- Case Studies
March 31, 2021 - Video issues with AVRs is common for all installers in the AV industry, every single day the AVPro Edge tech support department takes multiple calls that end up being an AVR as the troubled spot in the installation.
AVRs are built to handle the highest audio codecs on the market, Dolby Atmos, DTS-X, beyond 8 channels audio is a breeze for AVR’s from most brands. However, those same AVR’s often struggle with varying types of HDMI signals. Bandwidth is hard to manage and video bandwidth takes up much more data than audio, in turn some chipset’s inside the AVR’s are not able to process these 4K and HDR video signals.
When dealing with high bandwidth content the HDMI processing boards in AVRs have a hard time switching not only between different resolutions, but most importantly HDCP types. Customers often get a solid black screen or no signal to their display when switching between HDCP 1.4 and HDCP 2.2. Even the highest-end AVRs can potentially experience this issue. When a customer switches between a lower res source like a cable box or NVR camera system, to a higher res source like an apple TV, Roku, kscape, they can easily lose picture and not be able to regain picture without power cycling devices in the video route.

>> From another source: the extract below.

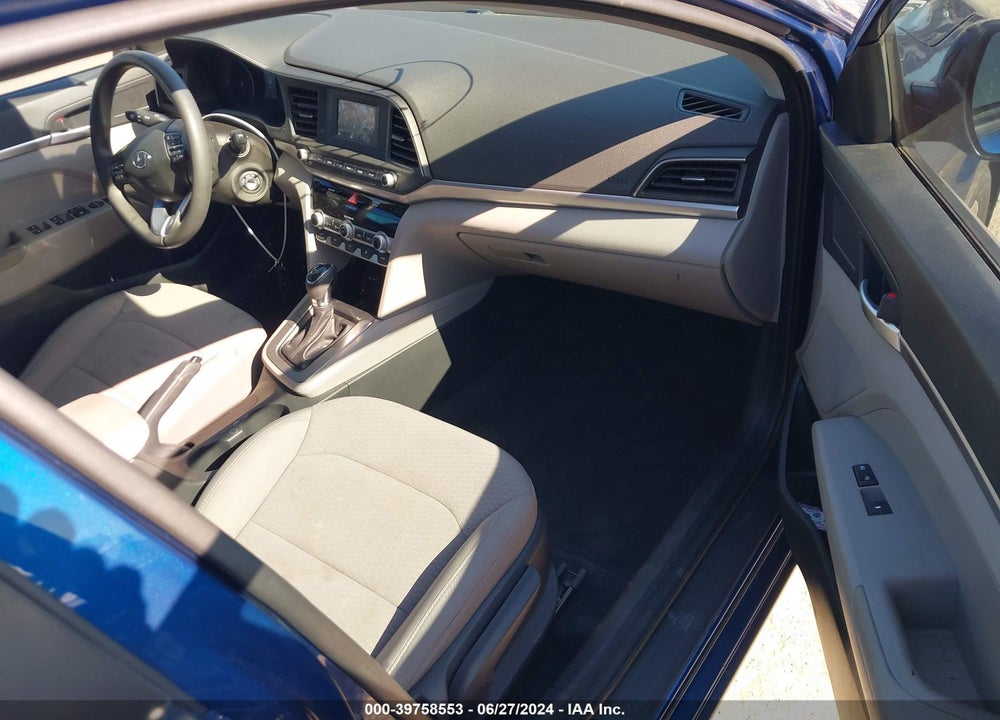 2020 HYUNDAI ELANTRA SE VIN: 5NPD74LF7LH601787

An example of a great solution to separating video distribution from your AVR audio system is the AC-MX42-AUHD or AC-MX82-AUHD. These devices can handle up to 8 high bandwidth video sources right along side those less taxing sources. The two mentioned matrices have two HDMI outputs, one of which as the ability to downscale 4k to 1080p but leave the audio signals completely unimpeded. This allows the customer to send one uncompressed video signal to their display/projector, and the downscaled port can send HDMI bitstream audio to the AVR while keeping the resolution at a maximum resolution of 1080p to reduce bandwidth and give your AVR a fighting chance.